Problem to solve → In the copy, every line of the material that follows must appear exactly, and no pictures should.

Supplied data →

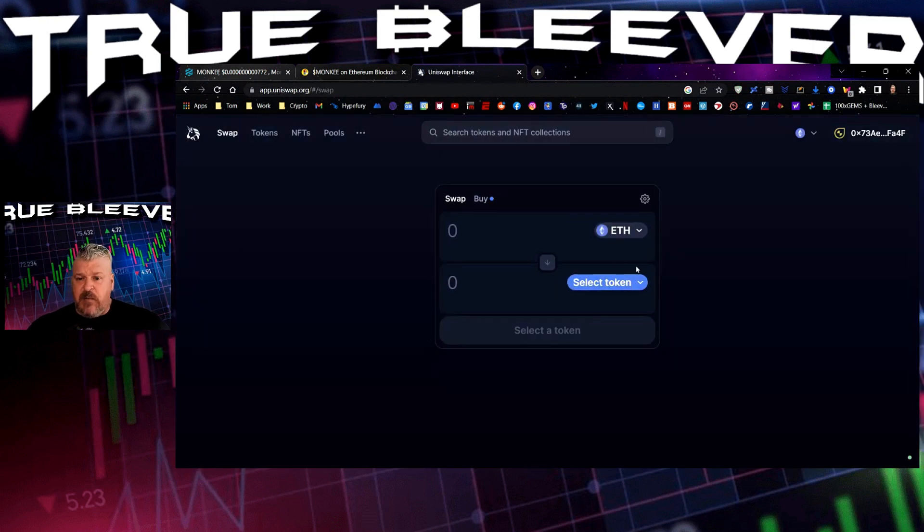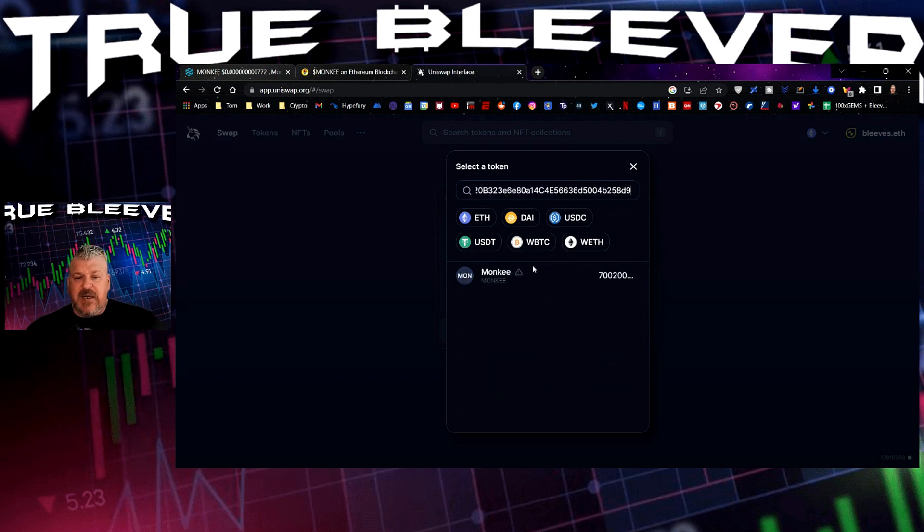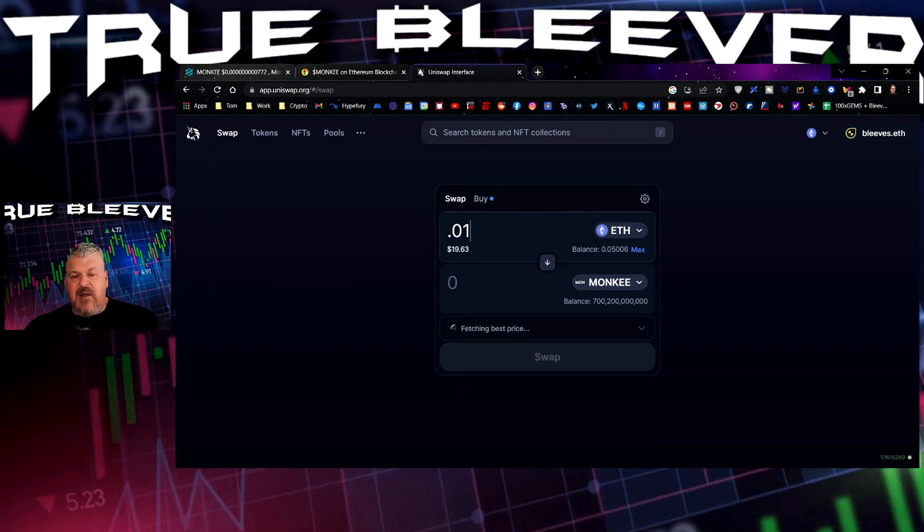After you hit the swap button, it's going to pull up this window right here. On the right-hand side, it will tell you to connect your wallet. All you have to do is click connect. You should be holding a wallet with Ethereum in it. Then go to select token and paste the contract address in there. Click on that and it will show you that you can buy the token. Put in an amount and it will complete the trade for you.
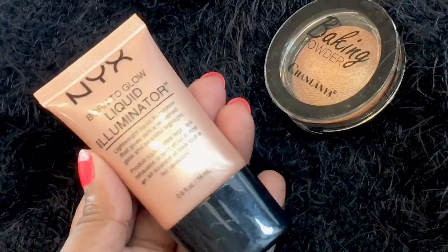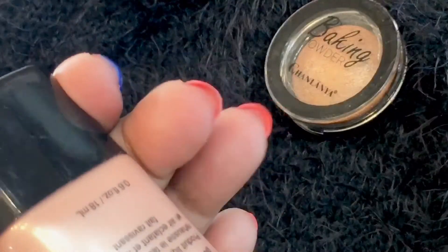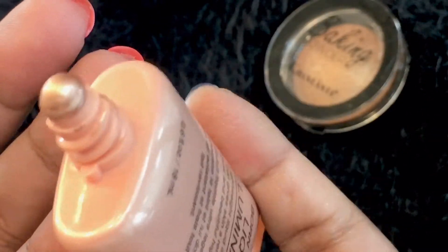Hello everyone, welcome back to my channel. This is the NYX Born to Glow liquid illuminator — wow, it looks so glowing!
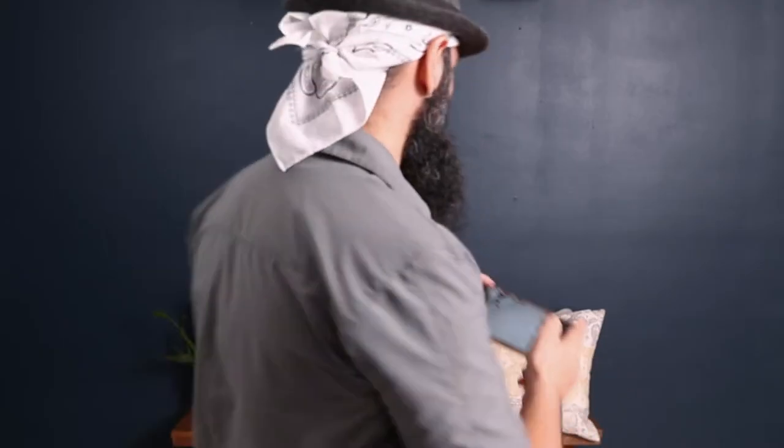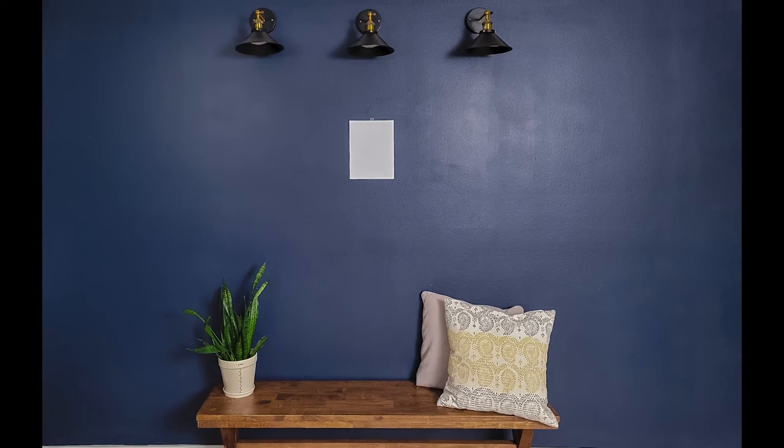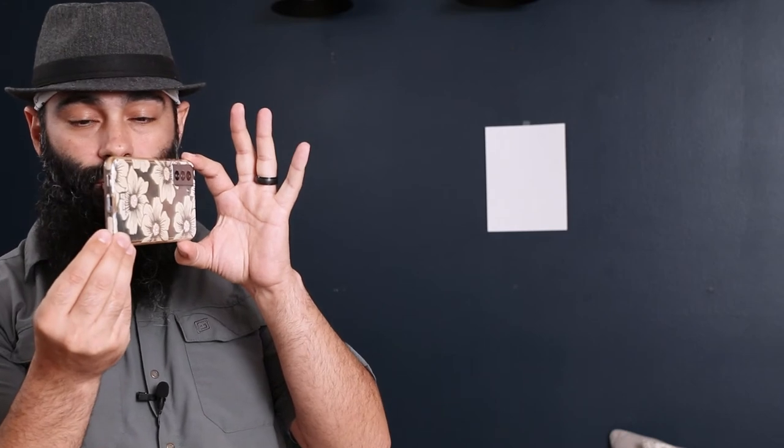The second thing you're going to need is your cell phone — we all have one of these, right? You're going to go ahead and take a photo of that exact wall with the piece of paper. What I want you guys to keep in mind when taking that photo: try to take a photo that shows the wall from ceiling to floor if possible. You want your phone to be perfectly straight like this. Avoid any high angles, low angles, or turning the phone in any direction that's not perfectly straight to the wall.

Result of the task →
After you hit the swap button, it's going to pull up this window right here. On the right-hand side, it will tell you to connect your wallet. All you have to do is click connect. You should be holding a wallet with Ethereum in it. Then go to select token and paste the contract address in there. Click on that and it will show you that you can buy the token. Put in an amount and it will complete the trade for you.
Hello everyone, welcome back to my channel. This is the NYX Born to Glow liquid illuminator — wow, it looks so glowing!
The second thing you're going to need is your cell phone — we all have one of these, right? You're going to go ahead and take a photo of that exact wall with the piece of paper. What I want you guys to keep in mind when taking that photo: try to take a photo that shows the wall from ceiling to floor if possible. You want your phone to be perfectly straight like this. Avoid any high angles, low angles, or turning the phone in any direction that's not perfectly straight to the wall.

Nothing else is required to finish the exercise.